Work item:
Transcribe the line holding "Today we are" together with every line after it, through the end of the records, exactly and with no pictures.

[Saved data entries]
◆ ◆ ◆

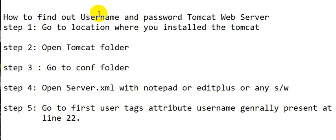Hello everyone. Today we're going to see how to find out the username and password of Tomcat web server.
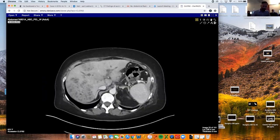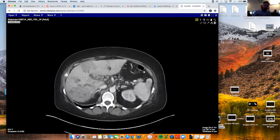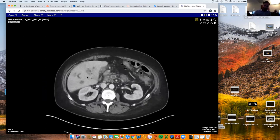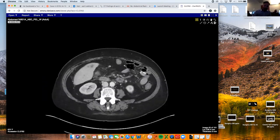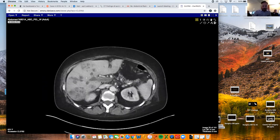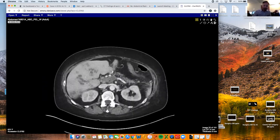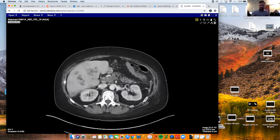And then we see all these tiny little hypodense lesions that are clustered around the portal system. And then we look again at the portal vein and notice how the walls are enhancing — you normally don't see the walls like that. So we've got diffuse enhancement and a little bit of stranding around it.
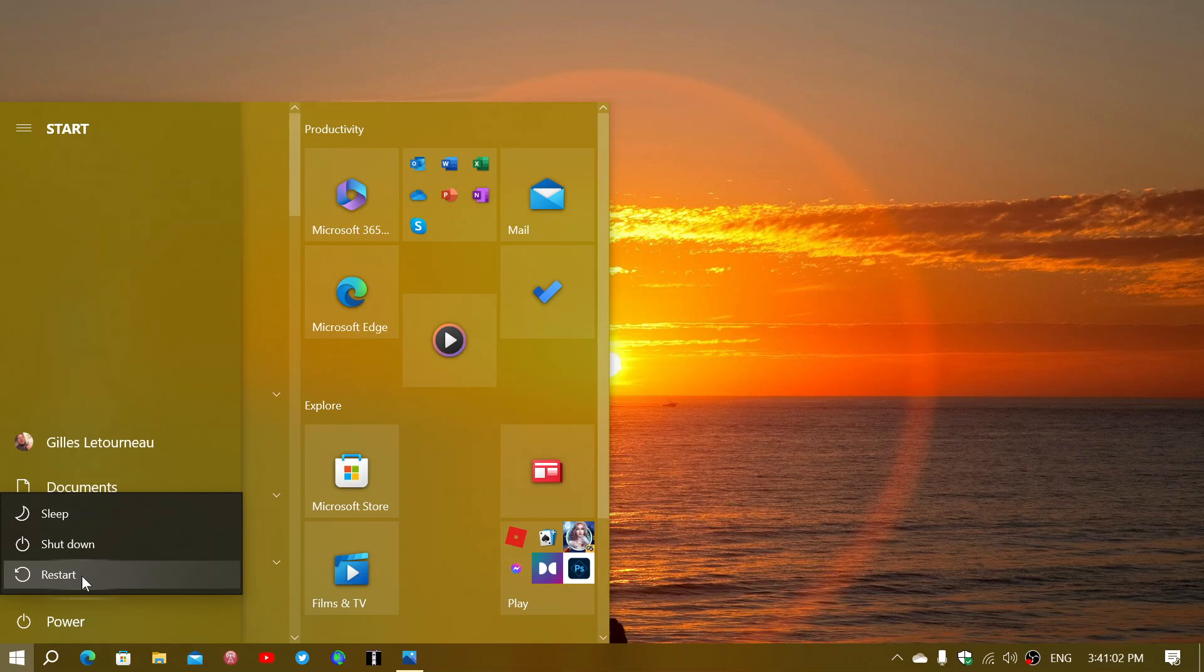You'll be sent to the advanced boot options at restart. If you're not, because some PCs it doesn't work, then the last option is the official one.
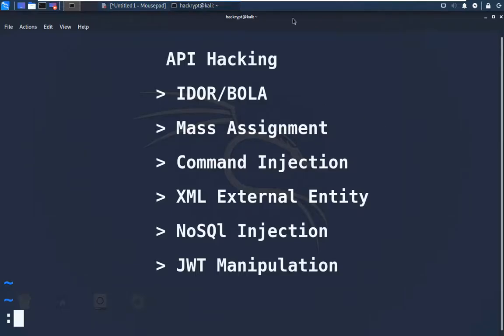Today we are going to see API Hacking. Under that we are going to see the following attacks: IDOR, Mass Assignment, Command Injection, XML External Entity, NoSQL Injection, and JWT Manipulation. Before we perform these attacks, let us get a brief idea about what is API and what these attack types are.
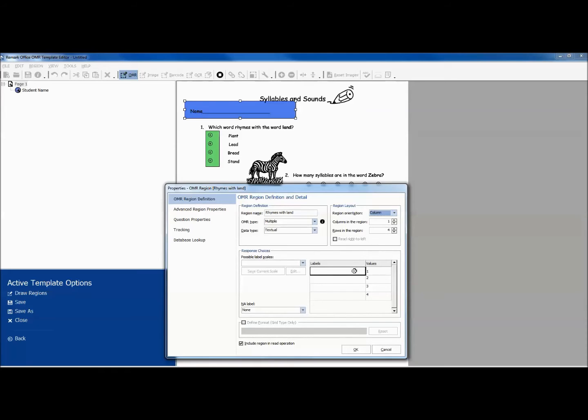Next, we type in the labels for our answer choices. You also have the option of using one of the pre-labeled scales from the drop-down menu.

◆ ◆ ◆

Response below:
Today we are going to see API Hacking. Under that we are going to see the following attacks: IDOR, Mass Assignment, Command Injection, XML External Entity, NoSQL Injection, and JWT Manipulation. Before we perform these attacks, let us get a brief idea about what is API and what these attack types are.
Next, we type in the labels for our answer choices. You also have the option of using one of the pre-labeled scales from the drop-down menu.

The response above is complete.